The Prime Minister’s economic advisory body is all set to revise its GDP outlook for FY’10 from the earlier estimate of 6.75 per cent, as it feels that the economic expansion would beat even the official projection of 7.2 per cent, on the back stunning industrial recovery.
“The industrial growth indicates that there is an upward bias to the Central Statistical Organisation, estimate of 7.2 per cent growth rate for the current fiscal,” Prime Minister’s Economic Advisory Council (PMEAC) Chairman C. Rangarajan told PTI.
He added that the PMEAC would review the current economic situation and come out with Economic Outlook for 2009-10 before Budget, which would be unveiled on February 26.
In October 2009, PMEAC had come out with the GDP outlook and said that the country’s economic growth could touch 6.75 per cent in the current fiscal.
In the changed circumstances of stunning second quarter economic growth and industrial production expansion in December, the council in all likelihood would revise upwards its growth projections for the current fiscal.
Mr. Rangarajan added that industry is likely to grow close to 9 per cent in the current fiscal.
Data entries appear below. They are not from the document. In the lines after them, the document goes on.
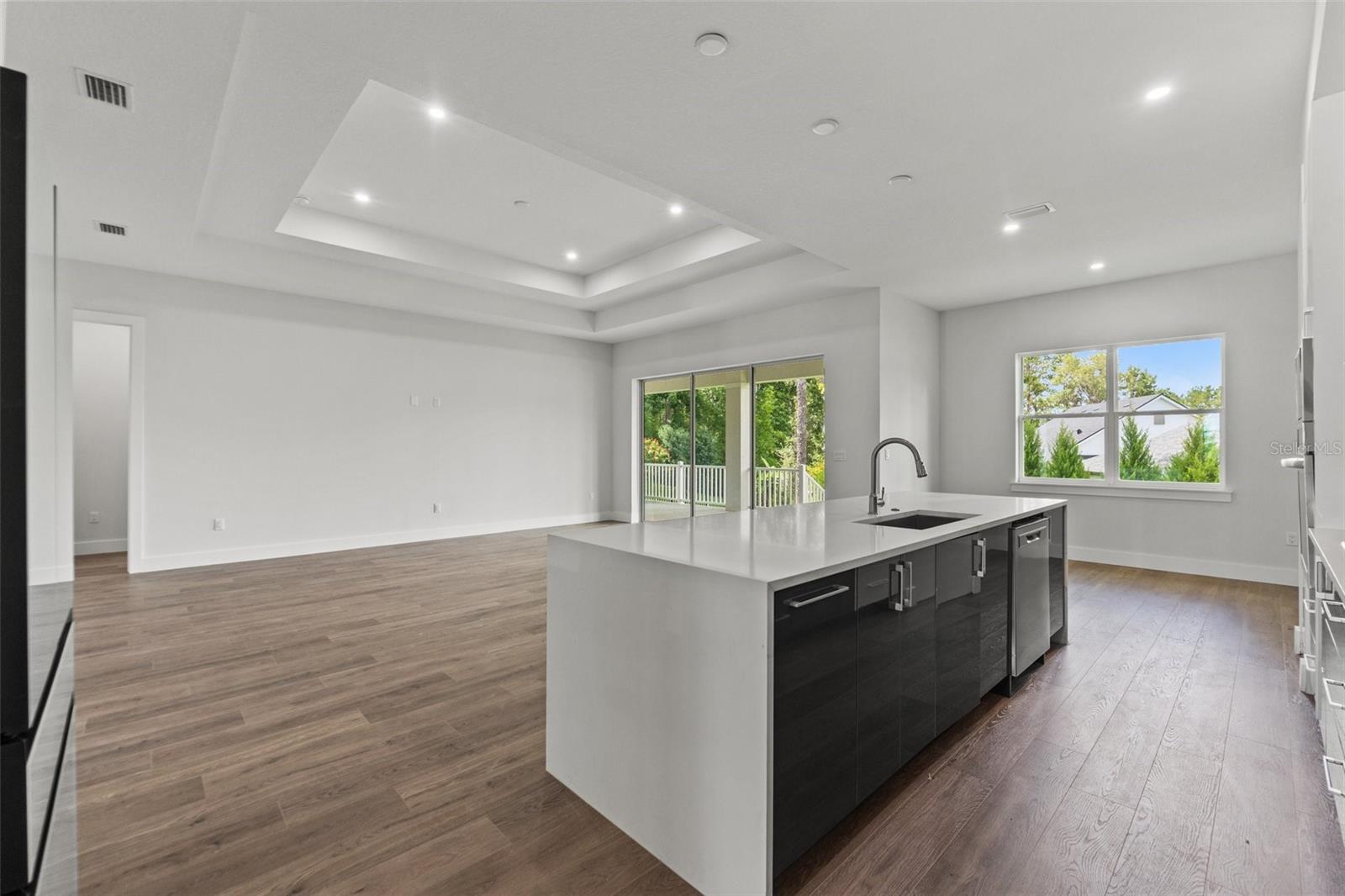 Image 13 of 61 For 4748 Hickory Oak Drive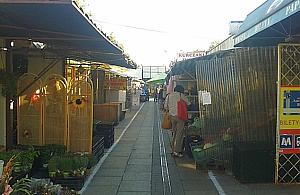 Nie można przejąć terenu pod metro. Kupcy wciąż działają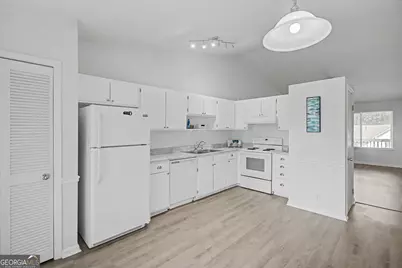 910 Brett Drive #APT 132, Hinesville, GA 31313 - Photo 8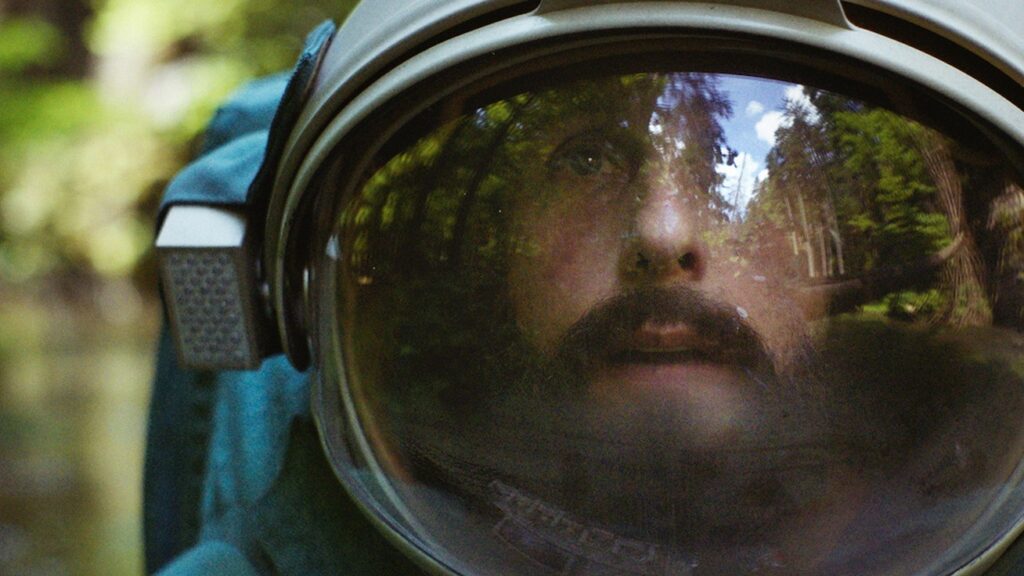 Adam Sandler nel trailer di Spaceman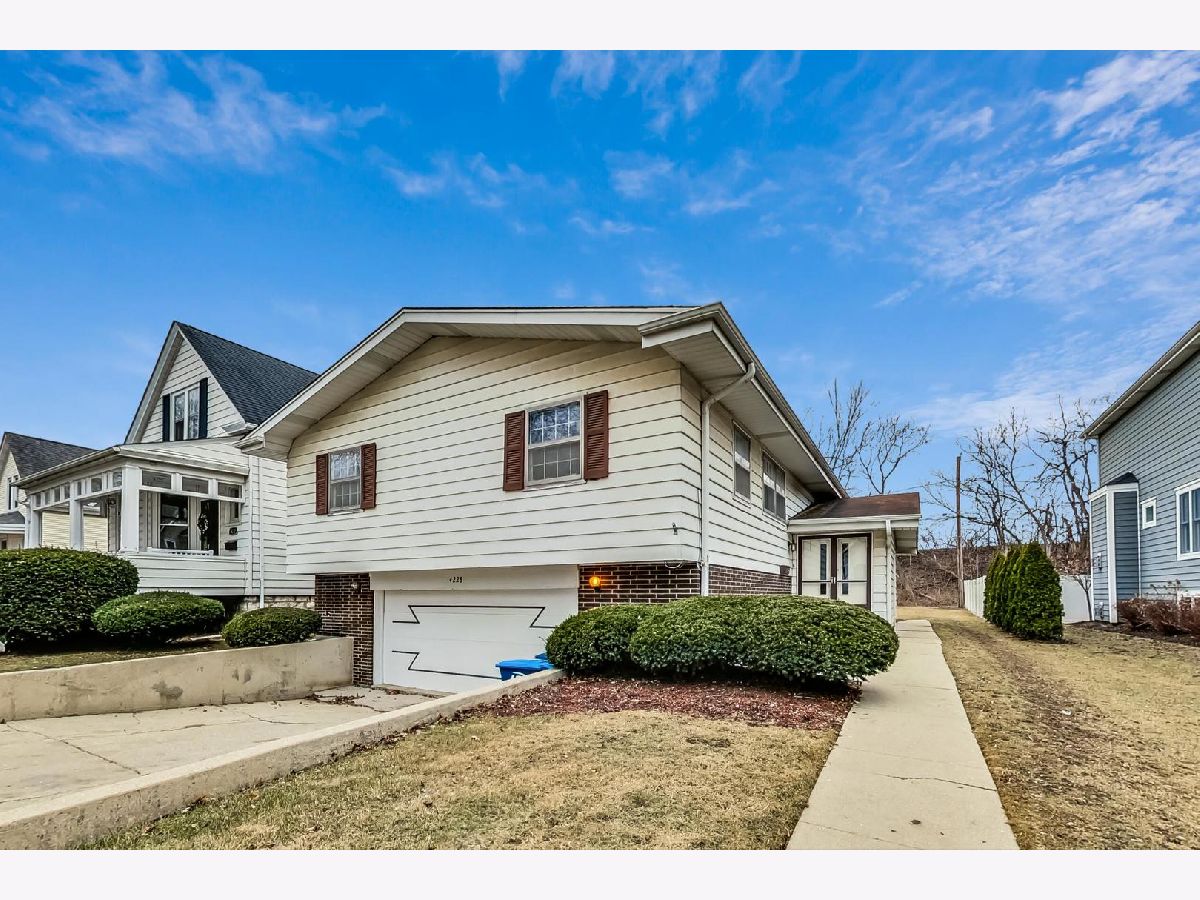  For Sale Western Springs Illinois, 4228 Western Avenue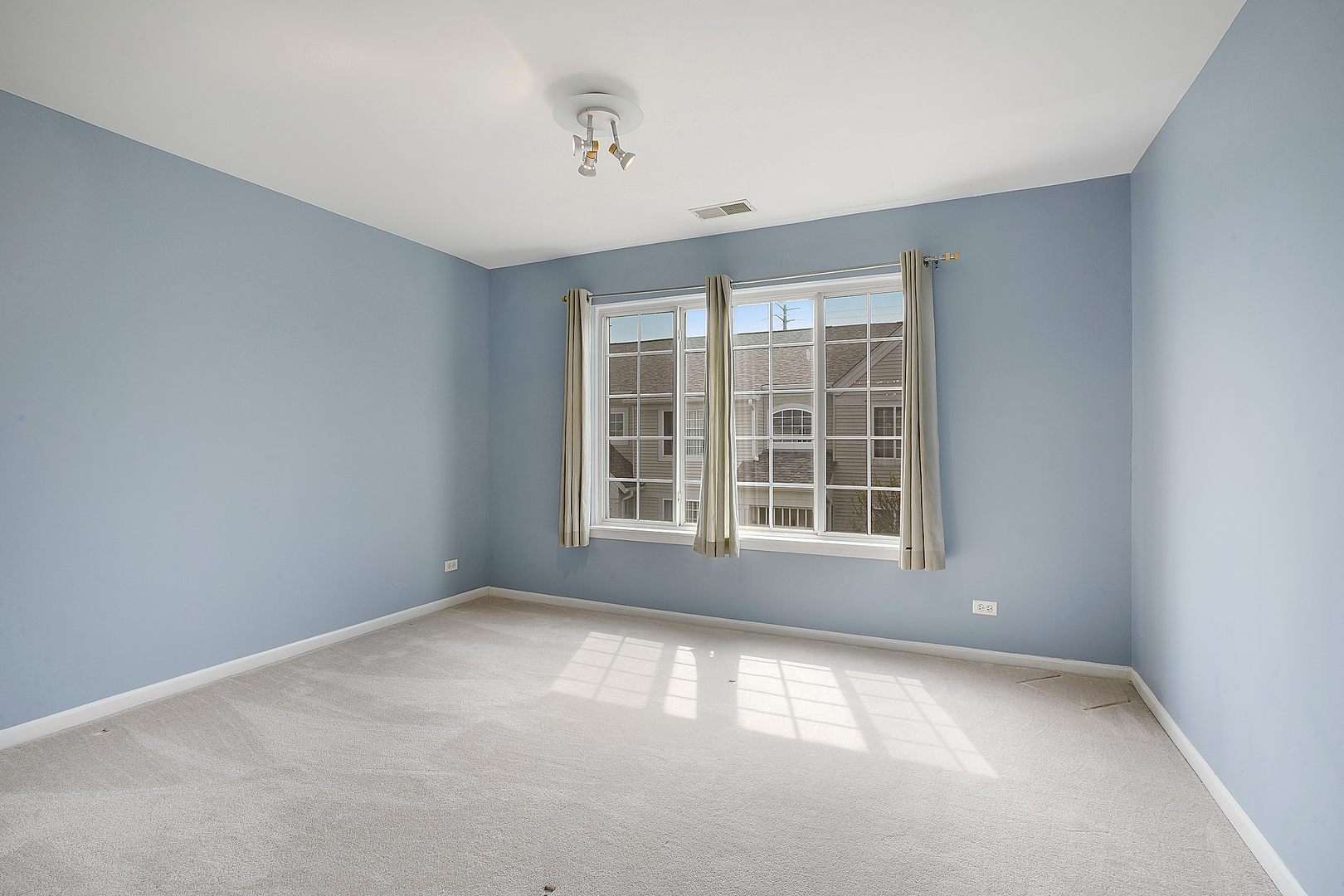 3371 Ravinia Circle Aurora, IL 60504 - Photo 8 of 15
Industrial production surged to a 16-year high of 16.8 per cent in December 2009, against the contraction of 0.2 per cent in the same month a year ago, driven by a robust performance by the manufacturing sector, particularly consumer durables.
Also, economic growth surged to 7.9 per cent in the second quarter, after 6.1 per cent expansion in the preceding quarter and 5.8 per cent each in the previous two quarters each.
According to advance estimates released by the CSO, economy is pegged to grow at 7.2 per cent during 2009-10, lower than the optimistic projections of the RBI and Finance Ministry, though higher than 6.7 per cent a year ago.
Bolstered by stunning growth in the second quarter, the Finance Ministry in its mid-term review had projected the economy to grow by 7.75 per cent this fiscal and the RBI pegged it at 7.5 per cent.
Advance estimates are put out by the CSO to help the Finance Ministry calculate various figures like fiscal deficit in the Budget. It is based on the actual half yearly figures, partial figure for third quarter and only projections for the fourth quarter.
Mr. Rangarajan further said that strong industrial production (IIP) numbers will likely put in motion the process of fiscal consolidation by withdrawing some of the stimulus measures.
In order to help the industry tide over the impact of the global financial crisis, the government came up with three stimulus packages sacrificing Rs 1.86 lakh crore in revenue.
The stimulus packages, which included tax cuts and raising public expenditure, are estimated to push the fiscal deficit to 6.8 per cent of the GDP from 6.2 per cent a year ago.